斎藤 正一(日経BP環境経営フォーラム事務局長)

半導体事業本部出身、クロサイの保護活動への参加が転機になった。SDGsの実現にICTを使ってどのような貢献ができるかを探る。

前沢 夕夏(まえざわ・ゆか)
1966年東京都出まれ、89年富士通に入社。半導体事業本部で製造プロセスシステムの開発を経て、2002年より環境本部に在籍、環境経営情報システムの構築、環境コミュニケーションなどに従事、2016年から現職

 大学時代、つくば科学万博で見た富士通パビリオンの3D(立体)映像に魅せられ就職を決めた。システムエンジニア希望で入社し、半導体事業本部のシステム部門の配属になる。13年間在籍した半導体事業本部では、半導体の前工程であるウエハープロセスの工程管理システムの開発などを担当した。

 半導体事業は国内外で製造ラインを増やしていた時期だった。システム開発だけでなく、国内工場の投資に関するマネジメントや海外の委託先との契約、従業員教育など幅広く携わったことが、今の仕事にも生かされているという。

 小学校に入学する前から、なぜかサイが好きだったそうだ。転機になったのは、1997年から2004年まで、毎年、アフリカ各地で絶滅危惧種であるクロサイの保護活動に参加したことだ。サイの角は高値で売れるため密猟の対象になり、70年代の6万5000頭から90年代初頭には2000頭まで激減していた。欧米の研究者と行動を共にしたが、現地で見たのは保護活動を助けるレンジャーの中にも、密猟者と裏でつながる者がいるという複雑な現実だった。「背景には経済格差や貧困があった。環境問題の根本にある問題を考えさせられた」と話す。

 富士通では環境本部が2000年に発足、自ら志願して2002年に異動した。初めの3~4年は環境経営情報システムやISO14001をマネジメントするシステムの構築に汗を流した。その後、環境報告書の作成や生物多様性の保全に関わる社会貢献活動、社員が小中学校で教える環境出前授業のマネジメントなどに携わった。

 前沢さんが所属するグリーン戦略統括部は、環境ビジョンや環境行動計画の策定などグループ全体の戦略を考える部署だ。2016年4月、統括部長に就任してからは、第一線の従業員に対してSDGs(持続可能な開発目標)やパリ協定で示された方向性を伝え、新しい事業の切り口を見つけてもらうための研修活動に力を入れる。「環境本部は社会の動きをいち早く捉えてグループ全体を導くコンダクターの役割を担っている。今後は、こうした機能を強化したい」と語る。

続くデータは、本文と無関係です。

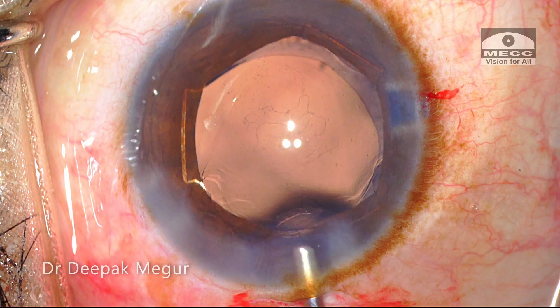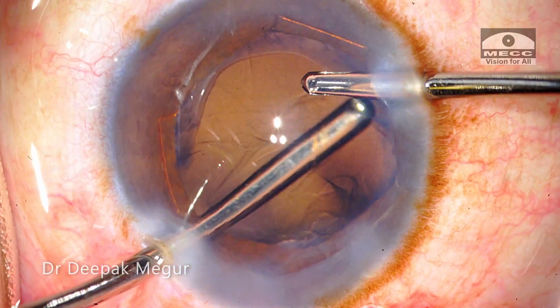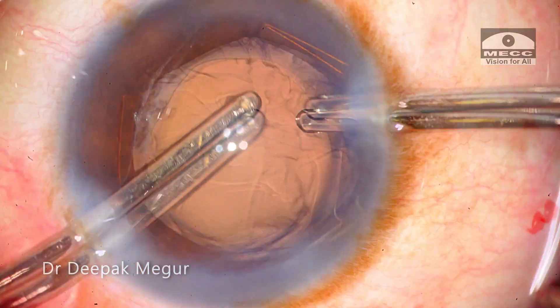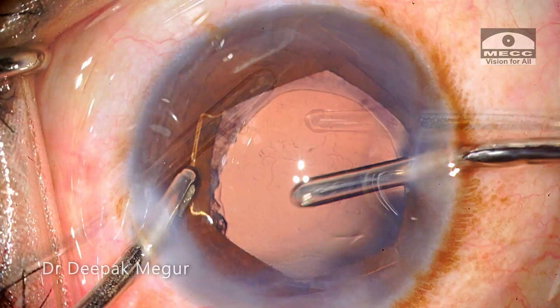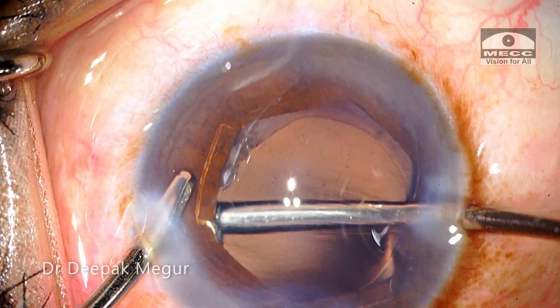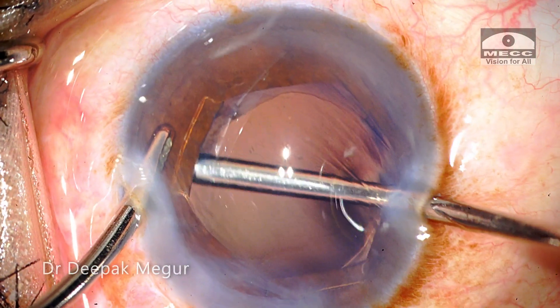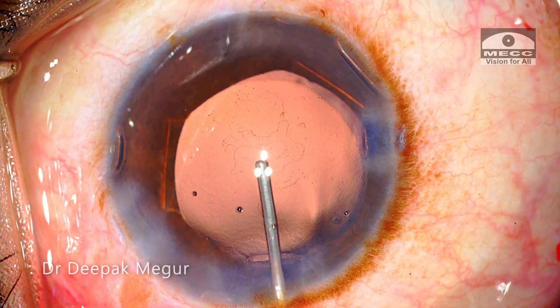The bag is filled with viscoelastic and cortex aspiration is being done. Rarely, we may have fluid misdirection in eyes with extended rhexis, causing shallowing of the anterior chamber because fluid gets across the zone of discontinuity into the vitreous space and pushes the entire bag forward. But luckily in this case, nothing like that happened — the chamber and the bag are nice and deep, and cortex aspiration is completed.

 現在の悩みは、企業の環境経営は高度化しているものの、絶滅危惧種を含めた地球環境の問題が一向に解決していないことだ。この悩みの解決策をSDGsに見いだしているようだ。

 「SDGsには、実現すれば世の中が良くなる目標が並んでいる。この目標を叶えるために富士通のICT(情報通信技術)を使ってどのような貢献ができるかを考えていきたい」との言葉が印象に残った。アフリカで環境問題の背後に潜む問題を考えた経験が、きっと何かの形で役立つだろう。